• General
  • Exploit of device after first unlock to obtain data that isn't at rest

  • [deleted]

GrapheneOS Yes please file such an issue. THX.

    [deleted] We've reported it already and expect it to be resolved quickly due to active exploitation of the lack of reset attack mitigation (firmware zeroing memory on reset/shutdown). The fastboot mode vulnerability may be hard to find but they'll likely dedicate some resources to it. Fixing the fastboot mode vulnerability isn't very important if they add reset attack mitigation.

      GrapheneOS Thank you once again for your replies to myself and the others in this thread with a great amount of detail, that are also very understandable and logical. You've increased my knowledge and awareness of a few things here.

      And thank you for filing an issue on this also and once again improving our security and privacy in so many ways. Looking forward to the duress feature once you're happy it's ready to be released

      GrapheneOS Does this mean that if the phone has been unlocked (not BFU) and they click reset (or wasted triggers) and then they hold volume down, that fast boot would still be AFU and not secure?

      Where does the Auto-Reboot function work? If the device is in fastboot mode, I presume the auto reboot would not work? ie they can leave it in the fastboot mode AFU

      krayo If you post your email or something I can contact you, I will do that.

        12 days later

        One more reason to use molly with unified push and generic notifications with locked db.

        I was always under impression that AFU + physical access is game over given a determined adversary. Was I wrong?

          evalda you were absolutely right

          Hathaway_Noa They can bypass secure element by booting into the fastboot mode when the phone has been previously in AFU, after that they dump the RAM since the RAM hasn't been cleared yet and bruteforce the keys giving them a password.

          It's weird that they are able to brute force the password like that because of 2 reasons:

          1. A flagship device with an SE also comes with a hardware inline crypto engine (ICE) that stores data encryption keys during the runtime of the OS. So they may see plain text data in the RAM dump but seeing keys in memory goes against the the purpose of having an ICE.

          2. Let's assume they can see sub-keys in memory dump. But this alone is not enough to brute force the credentials. It is because they need to decrypt the Synthetic Password first which is only possible with the active cooperation of Weaver and Strongbox Keymaster.

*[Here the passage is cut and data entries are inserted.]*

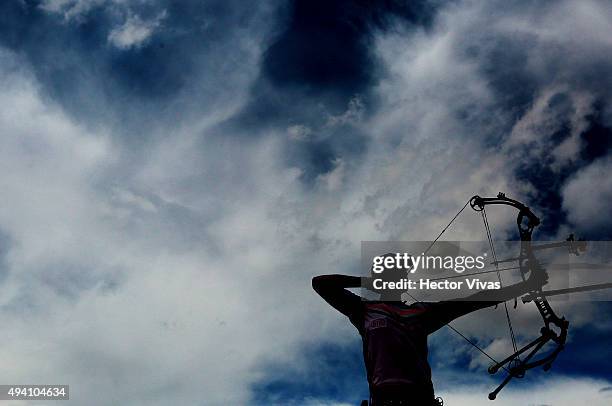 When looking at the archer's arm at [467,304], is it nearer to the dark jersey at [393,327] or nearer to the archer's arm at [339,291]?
the dark jersey at [393,327]

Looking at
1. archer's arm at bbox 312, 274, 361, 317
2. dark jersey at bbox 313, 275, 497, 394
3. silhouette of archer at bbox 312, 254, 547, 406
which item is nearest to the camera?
silhouette of archer at bbox 312, 254, 547, 406

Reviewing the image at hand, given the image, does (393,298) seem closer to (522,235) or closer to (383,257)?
(383,257)

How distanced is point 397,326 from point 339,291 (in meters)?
0.92

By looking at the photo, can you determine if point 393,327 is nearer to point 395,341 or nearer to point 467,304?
point 395,341

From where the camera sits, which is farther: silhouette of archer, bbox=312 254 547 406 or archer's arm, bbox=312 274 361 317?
archer's arm, bbox=312 274 361 317

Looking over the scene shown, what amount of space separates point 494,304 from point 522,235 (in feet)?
8.86

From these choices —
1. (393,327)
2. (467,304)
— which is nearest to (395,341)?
(393,327)

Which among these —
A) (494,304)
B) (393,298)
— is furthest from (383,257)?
(494,304)

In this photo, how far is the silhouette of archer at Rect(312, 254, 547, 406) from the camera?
4965 mm

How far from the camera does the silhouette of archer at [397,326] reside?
4965 mm

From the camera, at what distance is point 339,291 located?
6.16m

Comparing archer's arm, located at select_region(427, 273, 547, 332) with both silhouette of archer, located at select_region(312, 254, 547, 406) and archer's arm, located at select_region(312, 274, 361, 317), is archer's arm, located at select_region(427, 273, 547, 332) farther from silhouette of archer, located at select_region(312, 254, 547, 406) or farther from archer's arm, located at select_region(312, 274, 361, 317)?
archer's arm, located at select_region(312, 274, 361, 317)

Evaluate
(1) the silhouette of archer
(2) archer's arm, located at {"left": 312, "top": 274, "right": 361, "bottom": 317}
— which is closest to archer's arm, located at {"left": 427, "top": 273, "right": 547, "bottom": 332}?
(1) the silhouette of archer

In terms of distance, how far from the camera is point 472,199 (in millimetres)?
8398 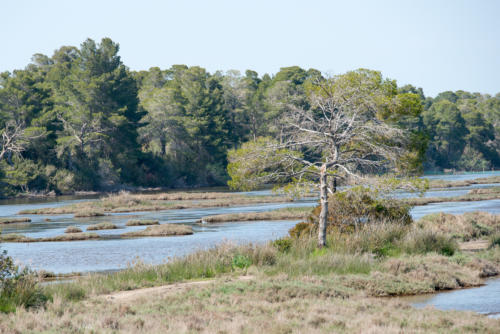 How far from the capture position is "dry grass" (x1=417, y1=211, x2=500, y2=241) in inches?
1135

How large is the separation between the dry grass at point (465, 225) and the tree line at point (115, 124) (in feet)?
151

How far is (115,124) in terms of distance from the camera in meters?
97.7

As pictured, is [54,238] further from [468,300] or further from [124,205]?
[468,300]

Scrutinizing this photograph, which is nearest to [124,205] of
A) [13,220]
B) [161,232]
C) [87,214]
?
[87,214]

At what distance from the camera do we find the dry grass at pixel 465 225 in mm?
28837

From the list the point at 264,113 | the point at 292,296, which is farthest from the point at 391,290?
the point at 264,113

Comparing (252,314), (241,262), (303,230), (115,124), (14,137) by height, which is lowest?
(252,314)

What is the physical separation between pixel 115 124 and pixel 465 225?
7546 centimetres

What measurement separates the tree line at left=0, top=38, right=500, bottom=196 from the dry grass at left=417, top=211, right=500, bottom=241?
46137 mm

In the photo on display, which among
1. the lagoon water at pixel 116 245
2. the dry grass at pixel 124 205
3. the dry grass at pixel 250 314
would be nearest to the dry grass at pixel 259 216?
the lagoon water at pixel 116 245

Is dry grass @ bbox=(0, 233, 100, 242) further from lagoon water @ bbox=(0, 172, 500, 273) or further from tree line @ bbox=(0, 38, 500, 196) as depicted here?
tree line @ bbox=(0, 38, 500, 196)

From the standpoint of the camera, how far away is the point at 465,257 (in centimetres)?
2078

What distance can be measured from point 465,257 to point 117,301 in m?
11.8

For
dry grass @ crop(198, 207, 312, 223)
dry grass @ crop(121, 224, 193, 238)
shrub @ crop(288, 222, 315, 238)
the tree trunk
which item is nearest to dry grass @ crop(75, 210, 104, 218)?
dry grass @ crop(198, 207, 312, 223) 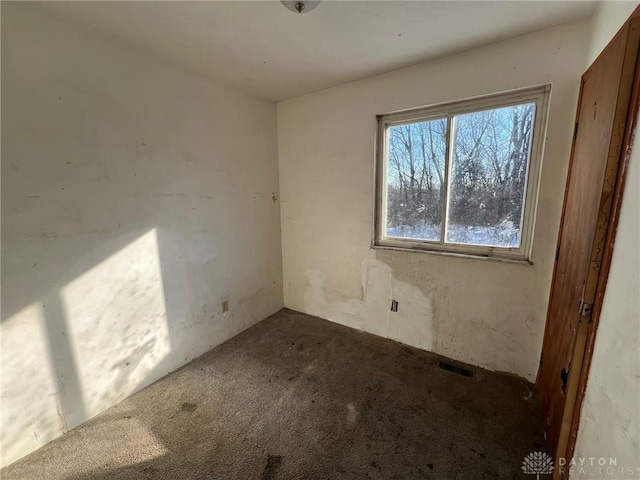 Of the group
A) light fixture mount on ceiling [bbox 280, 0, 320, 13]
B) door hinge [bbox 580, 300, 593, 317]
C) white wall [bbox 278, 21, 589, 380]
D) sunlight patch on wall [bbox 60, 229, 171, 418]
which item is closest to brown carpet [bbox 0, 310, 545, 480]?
sunlight patch on wall [bbox 60, 229, 171, 418]

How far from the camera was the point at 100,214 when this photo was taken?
1.59 m

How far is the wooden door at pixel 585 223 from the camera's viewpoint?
963 millimetres

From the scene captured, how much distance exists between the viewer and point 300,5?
4.20 ft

            I think the Synthetic Password is being kept in plain-text in the memory dump which I think is accidental because once its participation to decrypt CE keys completes during BFU to AFU state transition, it's no longer required by the LockSettingsService so it should be released from the memory.

          GrapheneOS It could be used to flash another verified boot, enable debugging features, etc.

          Is this prevented in GrapheneOS? And if not, what are the implications of a adversary messing with this stuff? Will it be reverted on reboot, or presist until I factory reset the device?